> [TASK DETAILS]: Below is a listing; write it out exactly and drop any images from it.

> [PROVIDED MATERIAL]:
::::::

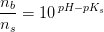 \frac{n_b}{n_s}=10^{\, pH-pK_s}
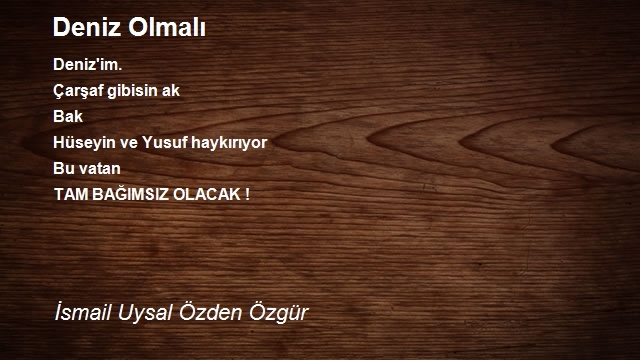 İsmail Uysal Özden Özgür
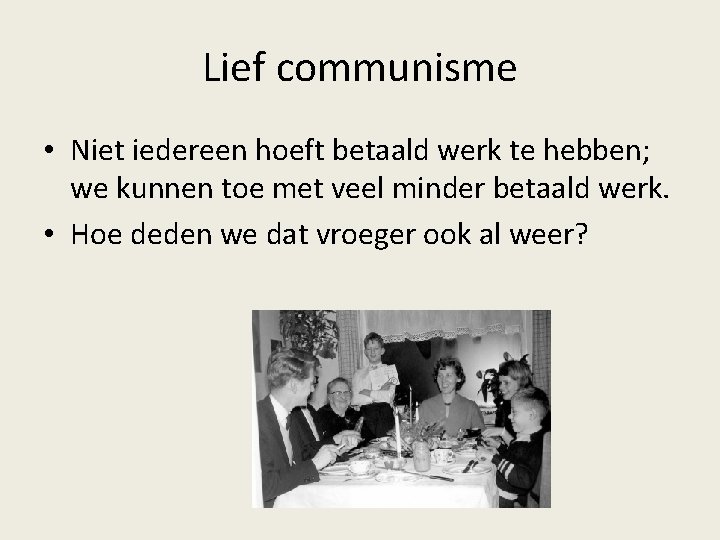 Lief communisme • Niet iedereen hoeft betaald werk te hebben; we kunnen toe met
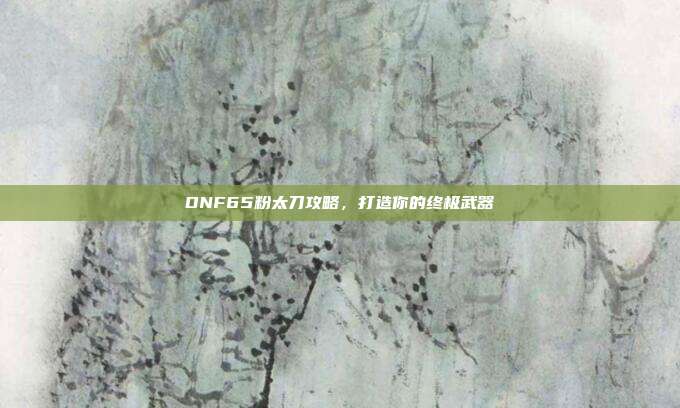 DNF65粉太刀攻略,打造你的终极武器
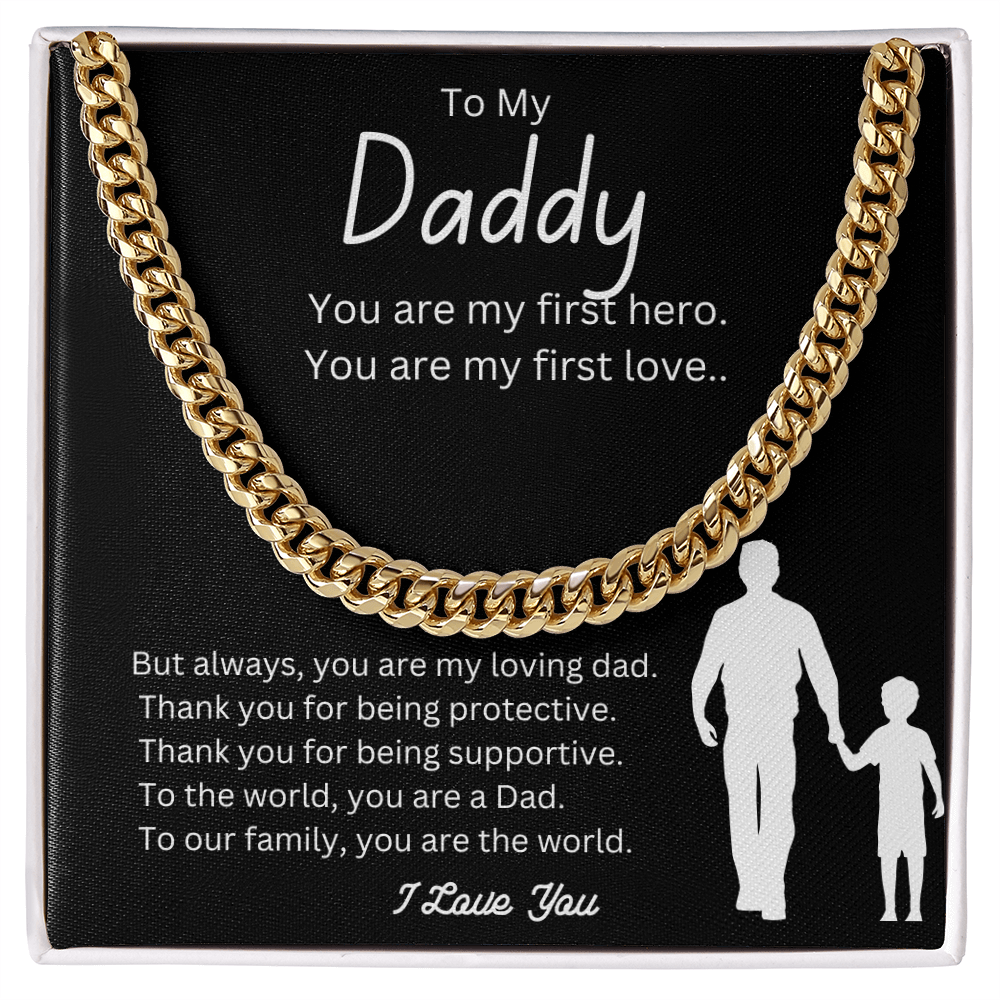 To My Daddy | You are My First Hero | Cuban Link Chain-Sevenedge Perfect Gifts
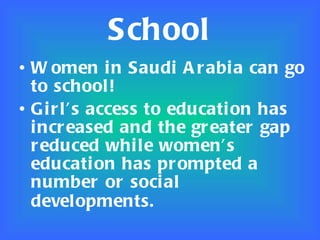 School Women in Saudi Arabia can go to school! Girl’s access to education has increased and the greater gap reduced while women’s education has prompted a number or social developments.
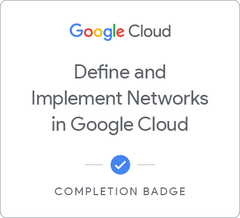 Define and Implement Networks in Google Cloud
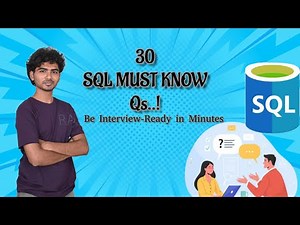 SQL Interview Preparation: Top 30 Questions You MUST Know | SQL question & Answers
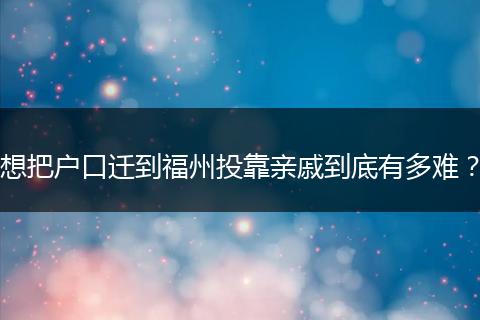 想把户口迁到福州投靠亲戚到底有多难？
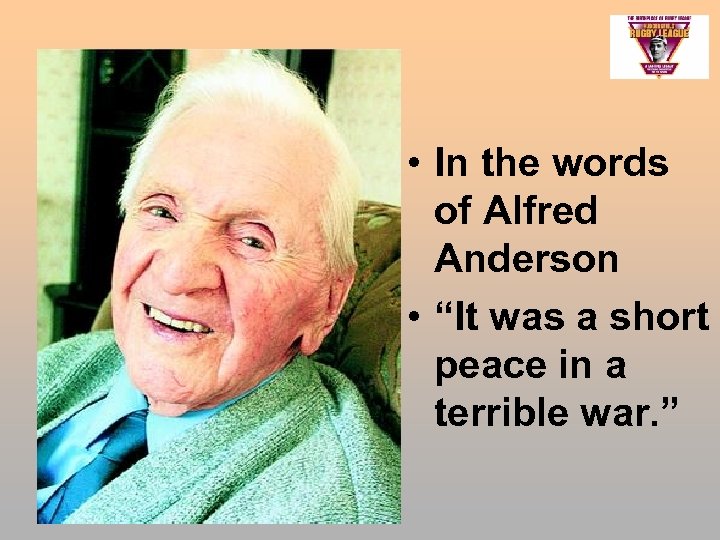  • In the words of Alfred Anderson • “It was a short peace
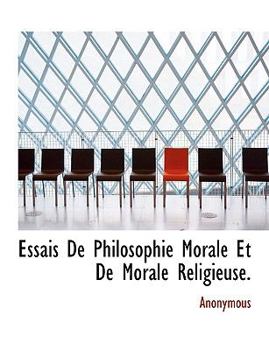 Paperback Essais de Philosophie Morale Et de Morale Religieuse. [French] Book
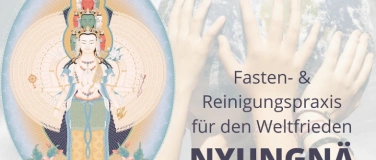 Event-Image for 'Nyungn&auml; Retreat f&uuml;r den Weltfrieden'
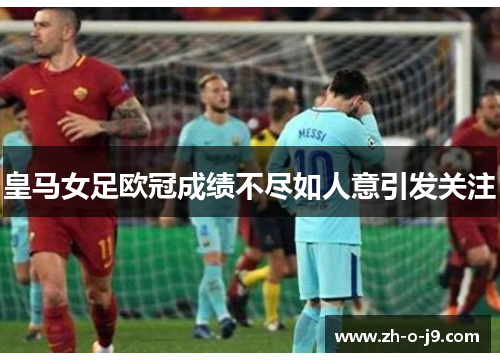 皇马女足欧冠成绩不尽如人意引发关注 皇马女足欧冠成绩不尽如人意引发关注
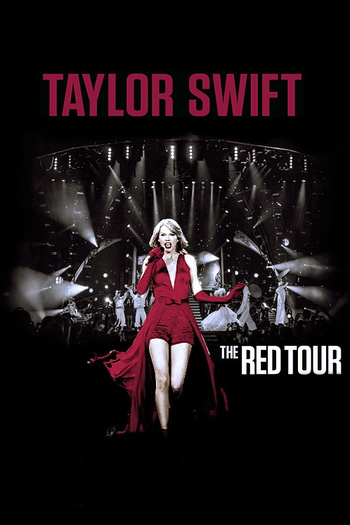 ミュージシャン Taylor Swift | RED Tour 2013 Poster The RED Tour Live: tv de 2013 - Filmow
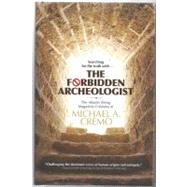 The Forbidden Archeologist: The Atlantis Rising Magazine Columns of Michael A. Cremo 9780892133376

::::::

> [RESULT]:
 \frac{n_b}{n_s}=10^{\, pH-pK_s}
 İsmail Uysal Özden Özgür
 Lief communisme • Niet iedereen hoeft betaald werk te hebben; we kunnen toe met
 DNF65粉太刀攻略,打造你的终极武器
 To My Daddy | You are My First Hero | Cuban Link Chain-Sevenedge Perfect Gifts
 School Women in Saudi Arabia can go to school! Girl’s access to education has increased and the greater gap reduced while women’s education has prompted a number or social developments.
 Define and Implement Networks in Google Cloud
 SQL Interview Preparation: Top 30 Questions You MUST Know | SQL question & Answers
 想把户口迁到福州投靠亲戚到底有多难？
  • In the words of Alfred Anderson • “It was a short peace
 Paperback Essais de Philosophie Morale Et de Morale Religieuse. [French] Book
 Event-Image for 'Nyungn&auml; Retreat f&uuml;r den Weltfrieden'
 皇马女足欧冠成绩不尽如人意引发关注 皇马女足欧冠成绩不尽如人意引发关注
 ミュージシャン Taylor Swift | RED Tour 2013 Poster The RED Tour Live: tv de 2013 - Filmow
 The Forbidden Archeologist: The Atlantis Rising Magazine Columns of Michael A. Cremo 9780892133376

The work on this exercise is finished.